Start of Block
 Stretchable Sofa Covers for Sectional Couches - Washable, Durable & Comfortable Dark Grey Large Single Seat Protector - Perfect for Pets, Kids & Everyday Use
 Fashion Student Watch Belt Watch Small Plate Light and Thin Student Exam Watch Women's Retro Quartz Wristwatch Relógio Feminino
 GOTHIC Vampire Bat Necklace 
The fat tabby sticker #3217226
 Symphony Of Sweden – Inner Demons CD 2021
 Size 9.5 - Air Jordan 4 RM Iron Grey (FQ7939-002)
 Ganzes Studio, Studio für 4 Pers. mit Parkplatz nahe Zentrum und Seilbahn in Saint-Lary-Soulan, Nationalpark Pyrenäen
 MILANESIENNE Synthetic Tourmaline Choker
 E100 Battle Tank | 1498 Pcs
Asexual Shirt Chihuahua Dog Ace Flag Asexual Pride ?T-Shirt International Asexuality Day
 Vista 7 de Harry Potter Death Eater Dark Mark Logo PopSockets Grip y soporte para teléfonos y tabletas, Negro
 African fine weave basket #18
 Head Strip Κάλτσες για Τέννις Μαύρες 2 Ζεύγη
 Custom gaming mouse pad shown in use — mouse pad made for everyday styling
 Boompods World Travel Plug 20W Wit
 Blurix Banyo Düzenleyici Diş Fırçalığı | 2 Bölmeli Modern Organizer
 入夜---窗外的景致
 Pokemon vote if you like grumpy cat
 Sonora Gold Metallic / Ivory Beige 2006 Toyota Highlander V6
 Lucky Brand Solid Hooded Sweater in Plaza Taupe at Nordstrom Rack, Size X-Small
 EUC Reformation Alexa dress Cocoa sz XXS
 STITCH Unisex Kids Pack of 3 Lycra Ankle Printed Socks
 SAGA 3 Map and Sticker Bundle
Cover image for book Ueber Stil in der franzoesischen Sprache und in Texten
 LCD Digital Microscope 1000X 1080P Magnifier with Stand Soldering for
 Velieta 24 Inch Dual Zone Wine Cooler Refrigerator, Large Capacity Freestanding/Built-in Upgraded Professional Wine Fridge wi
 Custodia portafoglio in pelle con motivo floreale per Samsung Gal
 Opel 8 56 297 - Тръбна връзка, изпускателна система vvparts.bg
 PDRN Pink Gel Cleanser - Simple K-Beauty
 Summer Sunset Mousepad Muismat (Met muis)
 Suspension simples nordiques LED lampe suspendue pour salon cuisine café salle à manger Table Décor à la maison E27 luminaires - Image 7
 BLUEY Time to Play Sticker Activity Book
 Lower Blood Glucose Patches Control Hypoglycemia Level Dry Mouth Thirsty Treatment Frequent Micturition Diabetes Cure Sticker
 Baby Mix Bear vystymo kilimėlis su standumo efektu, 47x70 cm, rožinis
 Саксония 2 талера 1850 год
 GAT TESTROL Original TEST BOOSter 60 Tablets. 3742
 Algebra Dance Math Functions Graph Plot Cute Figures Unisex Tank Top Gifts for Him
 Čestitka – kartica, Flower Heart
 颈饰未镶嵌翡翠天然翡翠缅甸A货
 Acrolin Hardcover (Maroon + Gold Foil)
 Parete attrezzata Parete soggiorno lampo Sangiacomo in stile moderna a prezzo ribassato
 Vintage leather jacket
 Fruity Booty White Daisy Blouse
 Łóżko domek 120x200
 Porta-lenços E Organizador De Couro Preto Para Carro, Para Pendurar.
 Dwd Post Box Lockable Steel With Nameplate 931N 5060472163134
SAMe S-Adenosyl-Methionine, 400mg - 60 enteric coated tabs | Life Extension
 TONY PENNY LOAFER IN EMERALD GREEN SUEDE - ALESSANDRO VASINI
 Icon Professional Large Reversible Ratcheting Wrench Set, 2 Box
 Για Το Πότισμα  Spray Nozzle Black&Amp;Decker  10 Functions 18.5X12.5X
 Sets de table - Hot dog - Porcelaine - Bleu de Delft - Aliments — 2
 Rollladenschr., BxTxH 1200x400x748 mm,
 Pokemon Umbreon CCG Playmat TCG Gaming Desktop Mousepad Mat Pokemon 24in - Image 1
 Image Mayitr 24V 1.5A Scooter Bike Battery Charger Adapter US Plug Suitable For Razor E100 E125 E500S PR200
End of Block
EXERCISE BRIEF
If a line in the records above has the word "Tank", copy it out.

TASK SOLUTION
 E100 Battle Tank | 1498 Pcs
 Algebra Dance Math Functions Graph Plot Cute Figures Unisex Tank Top Gifts for Him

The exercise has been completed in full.